You are viewing a plain text version of this content. The canonical link for it is here.
Posted to java-user@lucene.apache.org by Rajesh Munavalli <fi...@gmail.com> on 2006/03/03 16:18:17 UTC

Query filter and span query

I am not sure if a Query Filter would reduce the retrieval time in the
following scenario. The idea is to retrieve top N documents where the query
terms appear near one another within a document.

Let

A = Total number of query terms

B = Subset of A where

Number of Query terms(B) << Number of Query terms(A)

C = Pairs of terms in B

But I make sure that the pair selection results in, the Number of term
pairs(C) = Number of query terms(B)

I need to retrieve the documents by formulating the query as

BooleanQuery(TermQuery(A) OR SpanNearQuery(C))

Option 1: BooleanQuery(TermQuery(A) OR SpanNearQuery(C))

Option 2:

Step1: BooleanQuery(TermQuery(A))

Step2: Use a query filter top N documents.

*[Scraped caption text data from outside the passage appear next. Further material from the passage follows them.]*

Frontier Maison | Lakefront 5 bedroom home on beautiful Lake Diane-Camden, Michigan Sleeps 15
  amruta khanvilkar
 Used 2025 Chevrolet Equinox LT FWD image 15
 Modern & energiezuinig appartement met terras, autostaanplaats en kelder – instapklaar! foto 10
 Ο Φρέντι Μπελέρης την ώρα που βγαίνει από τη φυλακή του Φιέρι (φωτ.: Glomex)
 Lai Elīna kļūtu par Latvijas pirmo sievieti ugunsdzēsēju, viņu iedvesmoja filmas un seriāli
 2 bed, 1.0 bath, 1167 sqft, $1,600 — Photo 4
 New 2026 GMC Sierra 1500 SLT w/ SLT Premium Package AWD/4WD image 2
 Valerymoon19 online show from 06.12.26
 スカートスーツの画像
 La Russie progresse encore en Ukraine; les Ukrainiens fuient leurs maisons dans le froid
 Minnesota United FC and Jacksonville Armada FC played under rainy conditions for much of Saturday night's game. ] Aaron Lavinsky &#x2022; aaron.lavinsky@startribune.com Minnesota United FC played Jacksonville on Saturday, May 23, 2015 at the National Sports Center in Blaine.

The number of documents N is much
less compared to the entire document collection.

Step3: SpanNearQuery(C) on those top N documents
Since Span queries are slower. Considering the fact that the number of
documents N would be much less than the total number of documents in the
index, is it better to query them on reduced number of N documents as in
Option 2?

Thanks,

Rajesh Munavalli